Three networks represent the executive functions. First, the Cognitive Flexibility Network (CFN) includes portions of the lateral prefrontal cortex and posterior parietal cortex, e.g., the middle and inferior frontal lobe, pre-supplementary motor area, rostral angular gyrus, left inferior parietal lobule, and a portion of the inferior temporal lobe. The CFN is, therefore, a lateral frontoparietal network aligned with the well-described FPN23,30,34. This similarity further reinforces the role of the CPN as a flexible hub for cognitive control30. Second, the Performance Monitoring Network (PMN) comprises the dorsal anterior insula and anterior midcingulate cortex (i.e., the dorsal anterior cingulate cortex), along with regions of the middle and superior frontal lobe and the dorsal posterior supramarginal gyrus37. The PMN is a midcingulo-insular network closely resembling the CON, which Dosenbach et al. renamed the action-mode network106, aligning with its role in postural107 and motor control37. Third, the Executive Planning Network (EPN) incorporates core regions of the DAN, including the frontal eye fields, superior posterior parietal lobule, and intraparietal sulcus108. The EPN encompasses additional regions, most of which had been previously associated with the DAN, such as the dorsal anterior precuneus109, dorsal anterior supramarginal gyrus98, posterior inferotemporal area108,110,111, left lateral fusiform gyrus112, right middle frontal lobe108,113, and right lateral orbitofrontal cortex. The EPN broadens the DAN’s framework (i.e., visuospatial attention) by integrating regions tied to critical aspects of executive planning, encompassing high-level visual processing, like categorical recognition, and priority mapping, alongside evaluating potential outcomes and the sequencing of movements112,114,115,116.

Classically, the SMN is a pericentral network encompassing the superior temporal gyrus, mid-posterior insula, superior anterior parietal lobe, and central regions such as Rolandic operculum, precentral, postcentral, and central sulcus.
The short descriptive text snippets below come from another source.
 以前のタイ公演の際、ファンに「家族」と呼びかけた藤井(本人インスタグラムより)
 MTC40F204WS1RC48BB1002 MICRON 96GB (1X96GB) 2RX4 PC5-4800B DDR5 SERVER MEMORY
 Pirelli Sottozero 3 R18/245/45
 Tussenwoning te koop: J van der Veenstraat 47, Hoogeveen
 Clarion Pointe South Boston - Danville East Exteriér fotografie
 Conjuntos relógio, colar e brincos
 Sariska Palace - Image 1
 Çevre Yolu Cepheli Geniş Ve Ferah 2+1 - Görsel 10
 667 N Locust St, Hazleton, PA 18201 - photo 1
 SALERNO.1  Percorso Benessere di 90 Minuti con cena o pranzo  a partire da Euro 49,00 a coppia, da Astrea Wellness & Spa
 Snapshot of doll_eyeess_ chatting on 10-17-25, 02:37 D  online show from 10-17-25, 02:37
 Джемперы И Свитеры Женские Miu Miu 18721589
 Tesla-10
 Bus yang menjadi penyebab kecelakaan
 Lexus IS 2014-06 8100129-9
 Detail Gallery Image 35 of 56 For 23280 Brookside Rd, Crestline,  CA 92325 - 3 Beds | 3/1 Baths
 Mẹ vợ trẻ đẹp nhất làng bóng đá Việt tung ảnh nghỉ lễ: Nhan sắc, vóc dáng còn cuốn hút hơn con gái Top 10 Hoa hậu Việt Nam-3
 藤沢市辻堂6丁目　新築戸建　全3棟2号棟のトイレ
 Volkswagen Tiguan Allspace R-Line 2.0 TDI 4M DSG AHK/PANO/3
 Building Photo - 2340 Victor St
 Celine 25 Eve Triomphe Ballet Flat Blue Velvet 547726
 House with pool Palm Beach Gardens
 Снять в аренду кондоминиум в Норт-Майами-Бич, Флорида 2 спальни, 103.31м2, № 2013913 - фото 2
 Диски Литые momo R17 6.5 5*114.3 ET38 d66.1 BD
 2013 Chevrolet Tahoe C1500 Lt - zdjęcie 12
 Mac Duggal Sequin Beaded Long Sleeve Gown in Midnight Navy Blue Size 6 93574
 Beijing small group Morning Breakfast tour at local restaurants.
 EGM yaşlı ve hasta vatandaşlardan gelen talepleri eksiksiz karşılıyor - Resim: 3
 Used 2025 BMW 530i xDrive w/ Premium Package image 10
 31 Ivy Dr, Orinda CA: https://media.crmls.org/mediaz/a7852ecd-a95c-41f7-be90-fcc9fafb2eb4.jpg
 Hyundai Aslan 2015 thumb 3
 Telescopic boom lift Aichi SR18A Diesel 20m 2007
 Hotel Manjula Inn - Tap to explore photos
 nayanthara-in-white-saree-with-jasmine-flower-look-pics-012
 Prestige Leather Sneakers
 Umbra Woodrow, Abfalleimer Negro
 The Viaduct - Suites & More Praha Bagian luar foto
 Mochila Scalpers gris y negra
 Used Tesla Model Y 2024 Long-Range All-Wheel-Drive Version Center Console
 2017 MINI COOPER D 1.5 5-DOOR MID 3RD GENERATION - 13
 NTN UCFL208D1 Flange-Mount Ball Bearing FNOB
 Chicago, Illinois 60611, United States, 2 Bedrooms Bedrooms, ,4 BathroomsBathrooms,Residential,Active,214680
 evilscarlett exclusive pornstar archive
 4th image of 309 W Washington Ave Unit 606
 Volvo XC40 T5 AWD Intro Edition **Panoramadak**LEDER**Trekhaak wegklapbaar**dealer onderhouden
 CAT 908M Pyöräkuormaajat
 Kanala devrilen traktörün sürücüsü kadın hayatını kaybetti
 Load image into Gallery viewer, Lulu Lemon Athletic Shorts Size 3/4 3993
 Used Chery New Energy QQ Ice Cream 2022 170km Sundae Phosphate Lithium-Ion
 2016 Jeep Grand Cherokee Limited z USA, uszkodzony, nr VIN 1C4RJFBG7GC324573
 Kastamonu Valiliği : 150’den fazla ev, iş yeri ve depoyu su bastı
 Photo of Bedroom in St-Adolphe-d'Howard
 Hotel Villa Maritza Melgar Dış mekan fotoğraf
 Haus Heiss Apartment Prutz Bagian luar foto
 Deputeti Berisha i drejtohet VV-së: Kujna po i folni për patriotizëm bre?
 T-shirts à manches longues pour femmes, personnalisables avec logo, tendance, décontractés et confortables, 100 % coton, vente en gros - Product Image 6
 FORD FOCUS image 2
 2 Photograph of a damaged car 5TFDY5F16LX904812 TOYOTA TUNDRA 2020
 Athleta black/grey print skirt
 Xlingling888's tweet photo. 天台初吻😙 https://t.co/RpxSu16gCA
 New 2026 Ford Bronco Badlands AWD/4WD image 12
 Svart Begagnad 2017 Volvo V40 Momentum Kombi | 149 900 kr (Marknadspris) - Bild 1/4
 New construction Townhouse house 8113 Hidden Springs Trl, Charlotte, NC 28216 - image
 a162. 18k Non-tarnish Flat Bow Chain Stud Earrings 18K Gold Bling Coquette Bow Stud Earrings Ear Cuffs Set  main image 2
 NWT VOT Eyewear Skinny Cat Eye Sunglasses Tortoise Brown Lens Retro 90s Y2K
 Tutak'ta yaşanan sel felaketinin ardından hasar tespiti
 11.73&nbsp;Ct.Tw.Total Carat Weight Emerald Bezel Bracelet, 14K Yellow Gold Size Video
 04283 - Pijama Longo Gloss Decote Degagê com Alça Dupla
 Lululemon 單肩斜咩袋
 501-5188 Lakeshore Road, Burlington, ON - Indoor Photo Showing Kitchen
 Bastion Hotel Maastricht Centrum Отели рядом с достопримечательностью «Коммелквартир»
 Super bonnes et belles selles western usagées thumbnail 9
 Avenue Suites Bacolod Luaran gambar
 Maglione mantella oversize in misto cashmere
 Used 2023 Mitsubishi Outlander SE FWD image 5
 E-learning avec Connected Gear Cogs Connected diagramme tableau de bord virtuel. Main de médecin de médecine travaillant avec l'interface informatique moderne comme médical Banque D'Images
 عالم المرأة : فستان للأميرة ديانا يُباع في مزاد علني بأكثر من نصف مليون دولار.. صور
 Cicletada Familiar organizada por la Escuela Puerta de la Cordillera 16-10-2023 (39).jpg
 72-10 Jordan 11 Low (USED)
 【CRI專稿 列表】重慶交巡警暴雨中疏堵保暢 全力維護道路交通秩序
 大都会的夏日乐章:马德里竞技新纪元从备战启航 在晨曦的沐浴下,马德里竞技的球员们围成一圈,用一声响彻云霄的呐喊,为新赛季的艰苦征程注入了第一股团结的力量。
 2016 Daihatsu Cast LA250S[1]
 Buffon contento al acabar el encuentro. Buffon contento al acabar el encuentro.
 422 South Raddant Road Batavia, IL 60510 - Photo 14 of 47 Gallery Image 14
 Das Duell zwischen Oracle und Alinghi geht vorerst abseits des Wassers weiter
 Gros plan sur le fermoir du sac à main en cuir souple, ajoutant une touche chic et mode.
Also typical, the VN is located in the occipital lobe21.

Statistical analysis

Associations of spontaneous thoughts with variations in FC

To investigate how spontaneous thoughts relate to the integration and segregation of core functional networks, we analyzed between-network and within-network FC in relation to the RSTPs using two separate mixed linear regression models. Between-network FC (21 edges, calculated as 7 × 6 ÷ 2) and within-network FC were determined using Fisher’s r-to-z transformed correlation values and served as the outcomes. The RSTP category (6 levels) was included as the predictor, with participant ID specified as a random effect.

Estimation and hypothesis testing of coefficients

A resampling bootstrap method was used with 1,000-fold replication to evaluate the uncertainty about fixed effect coefficient estimates and validate the internal reliability of the effects117. This method showed good consistency among fixed effect coefficient estimates. Then, the significance of fixed effects was assessed using ANOVA components and residuals were visually inspected for normality and homoscedasticity.

Addressing the influence of confounding factors

Fixed-effect covariates, including total intracranial volume, age, gender/sex, and drowsiness (i.e., APCC), were incorporated into the mixed linear regression models to account for their potentially confounding effects38,118.

Comparison of FC across the six RSTPs and interpretation threshold

To compare the FC of the six RSTPs, post hoc analyses were conducted using an alpha level of 0.05 for the significance threshold of hypothesis tests. The unstandardized slope coefficient (b) with its confidence interval was reported as effect size119. Detailed post hoc results, including effect sizes (b), standard errors (SE), degrees of freedom (df), t-values, p-values, and confidence intervals (lower.CL and upper.CL), are provided in Tables 1 and 2. Aiming to ensure the consistency of the observed differences, we focused exclusively on those involving one RSTP relative to at least two others to visualize and interpret the results.

Statistical analyses comparing RSTPs were conducted using RStudio (R 4.0.0)120,121. Mixed linear regression models were fitted with the lmerTest package (version 3.1-3)122 and post hoc analyses were performed with the emmeans package (version 1.4.7)123.